Jean-Sylvestre Mongrenier, chercheur associé à l’Institut Thomas More

 

           

Septembre 2015 • Points Clés 7 •


Le 28 septembre prochain, Vladimir Poutine interviendra devant l’Assemblée générale de l’ONU. Il en profitera sans doute pour réaffirmer son soutien à Bachar Al-Assad et se poser en rempart contre l’« État islamique » (Daech). De fait, sur le terrain, la Russie déploie des moyens militaires supplémentaires. L’objectif principal est avant tout de sécuriser le régime de Damas, garant des intérêts stratégiques russes en Méditerranée orientale et au Proche-Orient.

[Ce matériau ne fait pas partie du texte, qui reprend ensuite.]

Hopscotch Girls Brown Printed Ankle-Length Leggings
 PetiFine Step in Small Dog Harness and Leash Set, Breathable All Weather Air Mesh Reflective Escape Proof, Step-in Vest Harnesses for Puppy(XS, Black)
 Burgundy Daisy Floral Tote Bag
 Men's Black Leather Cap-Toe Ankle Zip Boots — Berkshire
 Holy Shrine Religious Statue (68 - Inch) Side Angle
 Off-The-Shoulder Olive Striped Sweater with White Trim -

Au cours du dernier sommet de l’OTSC (Organisation du traité de sécurité collective), à Douchanbé, le 15 septembre 2015, Vladimir Poutine a répété le discours qu’il prépare pour la réunion de l’Assemblée générale de l’ONU, le 28 de ce mois. Tout en réaffirmant son soutien à Bachar Al-Assad et au régime de Damas, il s’est posé en rempart contre l’« État islamique » (Daech). Sur le terrain, la Russie a ouvert un aérodrome militaire, à Lattaquié, déployé des « conseillers » et livré des armements supplémentaires à l’armée syrienne. Simultanément, les relais de la politique russe en Europe soulignent que Vladimir Poutine « n’est pas marié à Assad ».

Les choses doivent être mises en perspective. D’une part, cet engagement renouvelé de la Russie auprès de Damas s’inscrit dans la durée, ce qui relativise les spéculations sur un possible lâchage de Bassar Al-Assad. D’autre part, le niveau de l’engagement russe sur le terrain et les objectifs visés ne doivent pas être surestimés. La priorité de Moscou est sans doute moins de combattre l’« État islamique » que de sanctuariser le régime de Damas, garant des intérêts stratégiques russes en Méditerranée orientale et au Proche-Orient.